Autor de “Ximbomana” tem saudades da censura
Xadreque Mucavel é um dos ícones da música ligeira moçambicana. A sua entrada para esta vertente cultural aconteceu com a gravação do tema “Sónia uta Rhandza” nos anos setenta, uma declaração de amor que se mantém sempre actual. Ao longo do seu percurso de pouco mais de 35 anos de carreira, o músico registou grandes temas como “Pitory”, o popular “Ximbomana” e “Barigana”. A sua voz caracteristicamente rouca e grossa, constitui um elemento de atracção e diferença.
O músico tem quatro álbuns editados, para além de inúmeras canções publicadas no tempo colonial sob a chancela da Produções 1001 e depois do INLD (Instituto Nacional do Livro e do Disco). Xadreque começa a cantar em 1972 com uma banda chamada “Black Boys”. Na altura apresentavam-se em cinemas e centros culturais como Ntsindza, Folclore, Sheik, Zambi, Dragão e Gil Vicente. “Éramos contratados por várias casas de pasto e abrilhantávamos as noites com música ao vivo e fazíamos boas composições, com conteudos educativos, porque havia censura”.
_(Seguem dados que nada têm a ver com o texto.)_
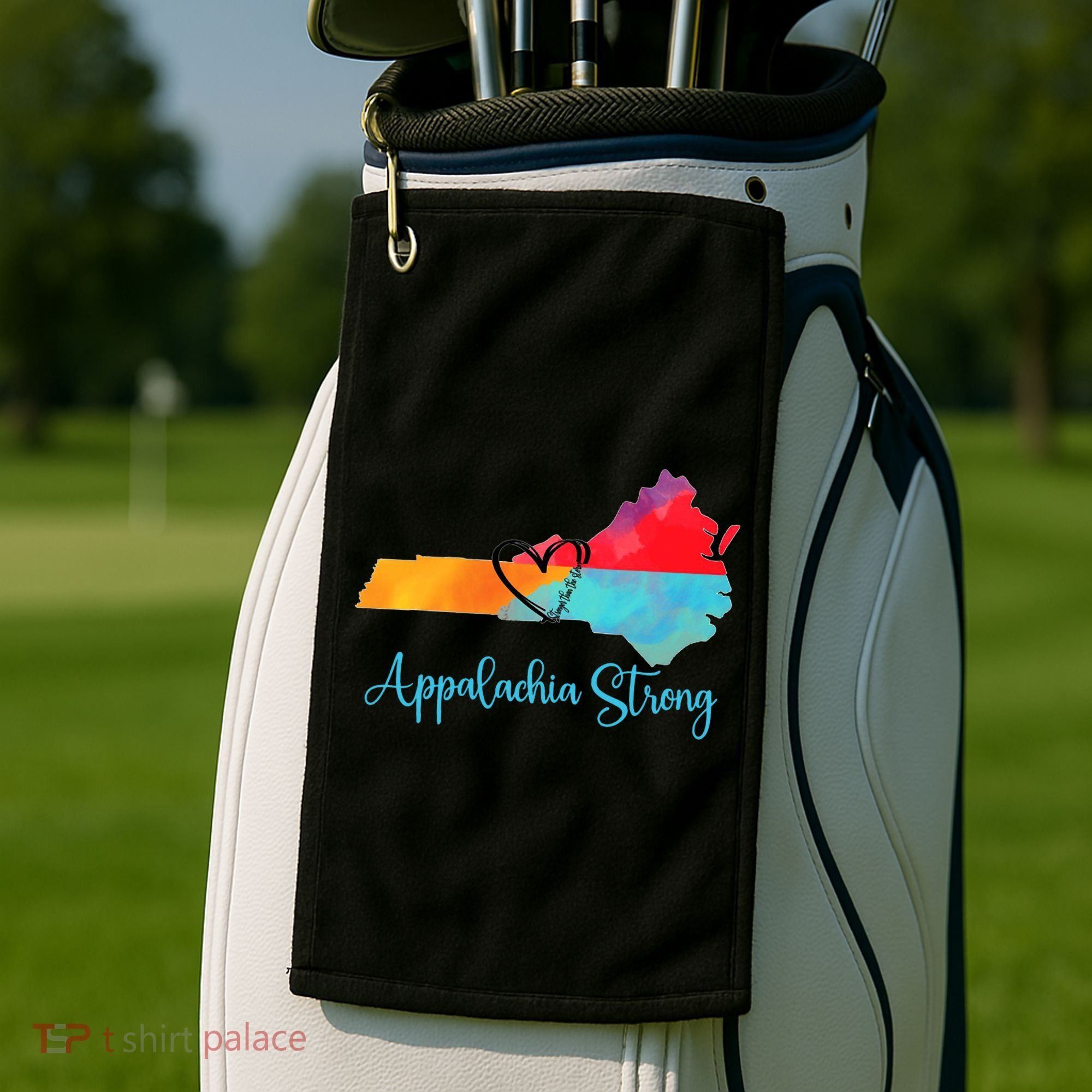 Appalachia Strong Nc Mountains Golf Towel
Segundo o músico, Dilon Djindji e Batshisso são os moçambicanos que faziam a censura das letras, antes de estas chegarem aos ouvidos dos colonos e do público. Como exemplo da falta de cautela, Xadreque referiu-se ao mologrado Fany Fumo, que fez uma canção polémica intitulada “Loku u lhula mina uta lhula ngonhama”, que em português quer dizer “se me derrotares poderás derrotar o leão”. Foi uma música polémica que fez com que Fany Fumo fosse perseguido pela pelos colonos opressores, porque tinha um carácter revolucionário e anti-colonial. Devido à tal polémica o músico fugiu para a África do Sul. De acordo com a narrativa do cantor, no tempo colonial os músicos eram mais disciplinados e não se fazia música de passagem efémera e vergonhosa como hoje acontece. “Há necessidade de se criar uma comissão para censurar as letras e é urgente, porque a nossa música está a caminhar para o ridículo, não há composição nem melodia”. Segundo o músico, por outro lado é preciso que as editoras percebam que há música comercial mas há também música bem executada e audível.
Xadreque Mucavel disse que já trabalhou com várias bandas, porque é seu forte cantar com o acompanhamento de banda, em que se destacam o “Grupo RM”, “Nova Dimensão”, “Omba Mô” e “Central Line”. Estas duas últimas até hoje o acompanham. Aos 35 anos de carreira, o autor de “Ximbomana” aponta como principal preocupação para a sua classe a falta de atenção e reconhecimento por parte da entidade que tutela a cultura. “Sofremos pela revolução política e pela música, mas hoje não somos reconhecidos, no mínimo que nos devolvam os espaços onde actuávamos, como os cinemas e casas de cultura que se encontram encerradas, para que possamos divulgar a nossa música ligeira que afinal é o cartão de visitas para o turismo”. Para o nosso entrevistado a comunicação social também não apoia a música, as rádios e televisões estão corrompidas. “Nenhuma rádio excepto a RM paga os direitos autorais aos músicos”, acrescentou. Convidado a explicar o conteúdo de “Ximbomana”, uma das suas mais famosas canções de todos os tempos, lançada em 1978 e reeditada duas vezes, o músico disse que aquela composição retrata situações de tortura que eram protagonizados pela polícia de choque nos bairros suburbanos. Apesar das várias dificuldade que apresentou, o cantor afirmou que continua firme e activo na músca, que para ele é uma forma de honrar muitos outros músicos da sua geração que já perderam a vida, porque, segundo ele, seria cobardia render-se ao actual sistema.